While he obliged, Gonzales later noted that the sneak and peak rule had enabled federal officials to track over the Internet a woman who ultimately confessed to strangling an 8-months-pregnant woman and cutting the fetus from her womb.

In an aside to the Patriot Act rules, Gonzales also fielded a question from Sen. Patrick Leahy, D-Vt., ranking member of the committee, who asked whether the United States is ignoring the record on torture in some countries and sending our detainees there even when they are known to conduct beatings and electric shock.

"I think a country that would have that kind of record, we would have to receive some very special assurances to satisfy ourselves in meeting our legal obligations that it's more likely than not that someone that we sent over in their custody would not be tortured," Gonzales responded.

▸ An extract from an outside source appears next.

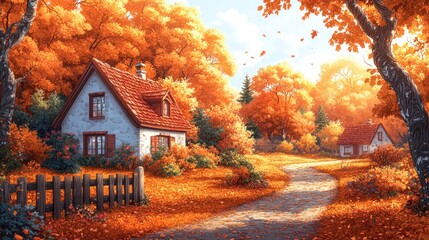 Autumn Cottage Illustration with Path and Red Roof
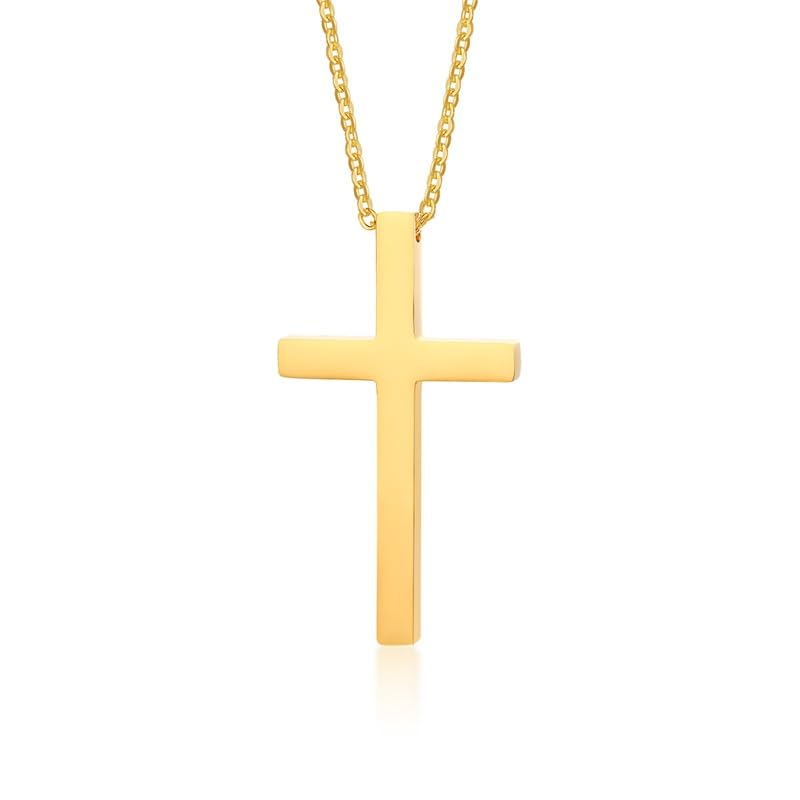 Rockyu チタン クロスネックレス メンズ ゴールド 十字架ペンダント 金属アレルギー対応 54mm×30mm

While Gonzales defended the Patriot Act, saying it has helped secure more than 200 guilty pleas or convictions in terror-related crimes, two lawmakers, Sens. Larry Craig, R-Idaho, and Dick Durbin, D-Ill., were reintroducing legislation designed to curb some of the provisions discussed during the hearing.

"If the goal here was, as you say, to enhance federal government sharing of intelligence, we could have stayed away from the Patriot Act altogether and really focused on the agencies' working with one another and sharing information so that ... the CIA and all the other agencies would communicate," Durbin told Gonzales.

FOX News' Megyn Kendall and Sharon Kehnemui Liss and The Associated Press contributed to this report.